"I'm not a perfect parent, but I've worked hard to faithfully love my kids and teach them God's truth. So why, oh why, are they in the trouble they're in right now?" "Years of labour to build up this business, and it's all wiped out in a sudden market crash! Lord, why? Was all my toil for nothing?" "All day long on the news, all I see is people around the world being oppressed, and their oppressors are laughing all the way to the bank! Where is justice?" "Christians around the world are being slaughtered for their faith, and the West is silent. How long, O Lord, how long?" Or maybe it's as mundane as, "I'm not even done with the laundry for 2 seconds and someone falls face first into the mud. Will the cycle never end?!"
Futility. It's all around us. And if we're really honest, these are the kinds of cries that plague us, even if we really believe that God is good, and in control, and trustworthy. But if we're also really honest, many of us feel some level of guilt about asking such questions. I mean, if I was a good Christian, I wouldn't ask those kinds of questions--I would just trust God and rejoice always, right? I saw an interview once with a well-known Christian who had just suffered terribly tragic circumstances, but who was testifying that he was given such faith that the question "Why?" never even crossed his mind. And I felt guilty because I've never faced anything like he had, and yet I've asked hard questions about the pain in this world.
But Ecclesiastes is a book that calls us to question our doubts about our questions, because it is a book FULL of hard questions, of groaning under the seeming futility of life, of weariness in the face of life's difficulties. Right from the get-go, we are faced with the outburst, "Vanity of vanities, says the Preacher, vanity of vanities! All is vanity. What does a man gain by all the toil at which he toils under the sun?" Not very comforting, eh?
We like the book of Proverbs because it seems to present a neatly ordered, logical universe where the hard-working prosper, the wise stay out of trouble, and the godly man enjoys a good life. We struggle with Ecclesiastes because it takes us to a world where children are trained up in the way they should go, and lo and behold, they depart from it! It is a world where the hard-working may lose everything in a single sweep of God's hand, where the wise live in wisdom and still die like the rest of mankind, where our toil is futile and we cry out with the Psalmist, "Why do the wicked proper? How long, O LORD?" This is a world where even the people of God come up against seeming absurdity, futility, vanity.
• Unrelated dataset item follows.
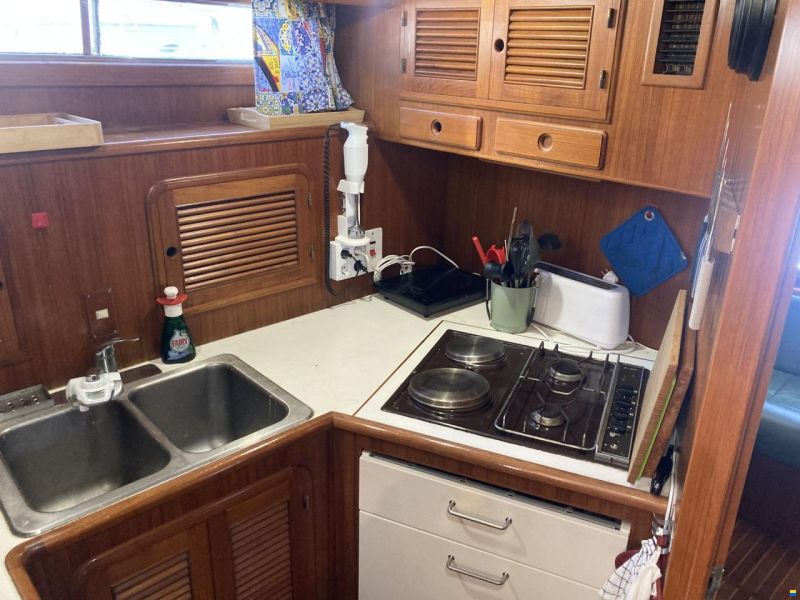 Trader 47 Flybridge Cruising Motor Yacht or Li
Like Job and the Psalms, Ecclesiastes shows us that God is not afraid of our hard questions and our groaning. In fact, he is so interested in our hard questions that he's written them up in his book. If we were afraid to ask, it's right there on the page, begging for answers.
Here's the thing: The Bible never calls us to be stoics, leaving all those earthly, human emotions stuffed in the back of the closet (with the awkward cousin, no doubt), while we piously repeat our mantra, "All things work together for good... all things work together for good..." and pull ourselves forward to a better day. It also never calls us to the happy-happy-joy-joy kind of "faith" that always responds immediately to job loss, illness, war, oppression or death with a "Hallelujah! Life is great!"
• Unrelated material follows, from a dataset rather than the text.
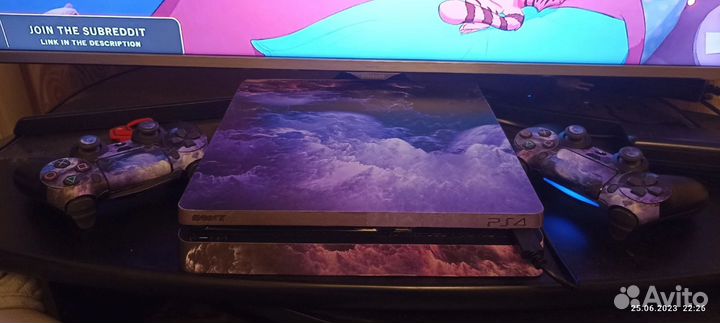 Sony PlayStation 4 slim с играми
We are called to praise God in all circumstances, yes. Job DID fall down and worship even when his property and family were wiped out (Job 1:20-22). And all things DO work together for good for those who love God and are called according to his purpose (Romans 8:28). But we live in a once-perfect world horribly distorted by sin, terribly twisted by futility. And we FEEL it. So often, we spout Romans 8:28 at ourselves and others in pain without the context. We skip the part Paul didn't--a creation full of suffering that groans, that feels futile, that longs. And we also groan inwardly as we wait for creation to be made new. We hope, yes, but often it is a groaning hope.
Paul himself was given a thorn, and while he says he is content with it, that did not come until he had PLEADED with the Lord 3 times to remove it (2 Cor. 12:7-10). Jesus himself, very God of very God, as he was in agony on the cross, cried out and groaned under the weight of his suffering. He wasn't just making a neat theological point about the end of Psalm 22 when he screamed out, "My God, my God, why have you forsaken me?" (Mark 15:34) Even our martyred brothers and sisters who stand before the very throne of God in heaven are crying out, "How long before you will judge and avenge our blood on those who dwell on the earth?" (Rev. 6:10)
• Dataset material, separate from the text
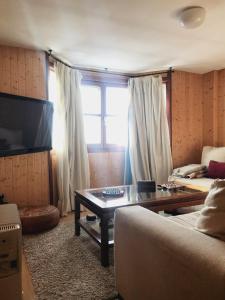 sala de estar con sofá y mesa de centro en SuperB Apartment Sierra Nevada, en Sierra Nevada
Yes, there's a way to ask hard questions with a bitter and angry spirit that challenges the goodness and wisdom of God, that thinks it knows better. And yes, we must avoid that. But there is a questioning and a weeping that is very much a part of biblical Christianity. It is a groaning that presses on in faith even when the answers aren't quick in coming. It is a mourning that sits and weeps with those who weep, rather than offering platitudes, or demanding that they just trust God and get over it. It is a faith that leaves room for people to ask hard questions about the meaning of life and the absurdities of suffering without panicking that God can't handle the heat.
Is there room in your Bible for hard questions?